Read Emaculum (The Scourge Book 3) Online
Authors: Roberto Calas
Morgan’s deep voice booms from behind me. “‘We do this in your name, oh Lord. Our prayers of faith will save the one who is sick, and the Lord will raise her up.’
Amen
.”
Amens
ripple through the crowd of onlookers. Some fall to their knees and hold clasped hands upward. These are the same lords and ladies who fornicated and gambled on the benches a short time ago. I can see the fear in their postures, in their expressions. If God can heal the afflicted, then He still watches over us. And if He still watches over us, what has He seen?

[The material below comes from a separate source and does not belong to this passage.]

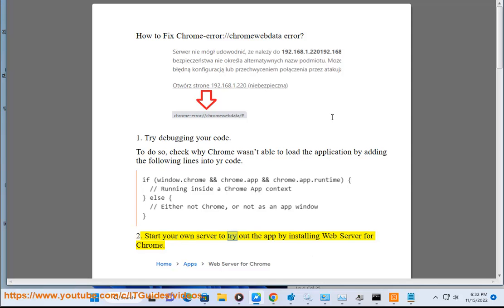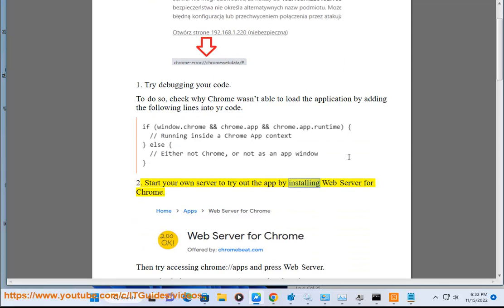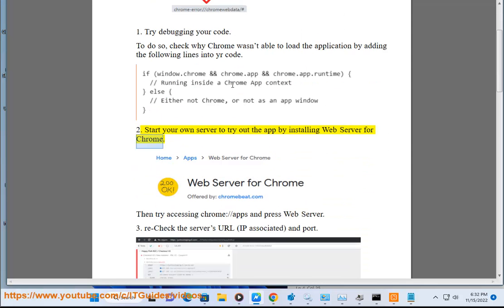Start your own server to try out the app by installing Web Server for Chrome. Then try accessing chrome slash slash apps and press Web Server.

“You do this in the name of God, do you?” Sir Simon sputters. “You practice sorcery and witchcraft in the name of the Lord?”
“Do shut up, Simon,” Richard says. He motions to the guards and two of them take hold of Simon’s arms.

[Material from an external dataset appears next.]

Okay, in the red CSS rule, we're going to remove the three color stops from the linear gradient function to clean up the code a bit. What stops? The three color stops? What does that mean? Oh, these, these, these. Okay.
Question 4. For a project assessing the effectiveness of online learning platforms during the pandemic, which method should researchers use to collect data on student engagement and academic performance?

“Your Majesty, this is a mistake!” Simon shouts.
The king meets my gaze, takes a sharp breath, and tips the ampoule. A liquid the color of rust trickles into the queen’s open mouth. She makes a rasping sound and tries to shake her head, but I clamp her jaw closed. Anne thrashes wildly, burns me with the eternity of her eyes. Her skin blackens under my grip, but I do not let go. I watch her closely, until her throat pulses.
She has swallowed it.
“How long?” Richard says. “How long before I get her back?”

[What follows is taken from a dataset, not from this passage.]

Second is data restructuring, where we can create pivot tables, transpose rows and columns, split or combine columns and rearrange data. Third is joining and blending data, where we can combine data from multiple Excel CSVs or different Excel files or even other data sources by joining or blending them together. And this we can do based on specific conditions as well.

“Thirty breaths,” Zhuri says. “Thirty breaths before it starts to work.”
“Will. . . will those awful black marks heal? And the boils?”
“They will, King Richard. I am told that she will bear scars where her skin has split, but most of the disfigurations will heal.”
Richard clasps his hands and rocks. “I have been without her for over four months.”
“More than,” says Zhuri.
Richard stops rocking. “Sorry?”
“He was agreeing, Your Highness.” I squint at Zhuri.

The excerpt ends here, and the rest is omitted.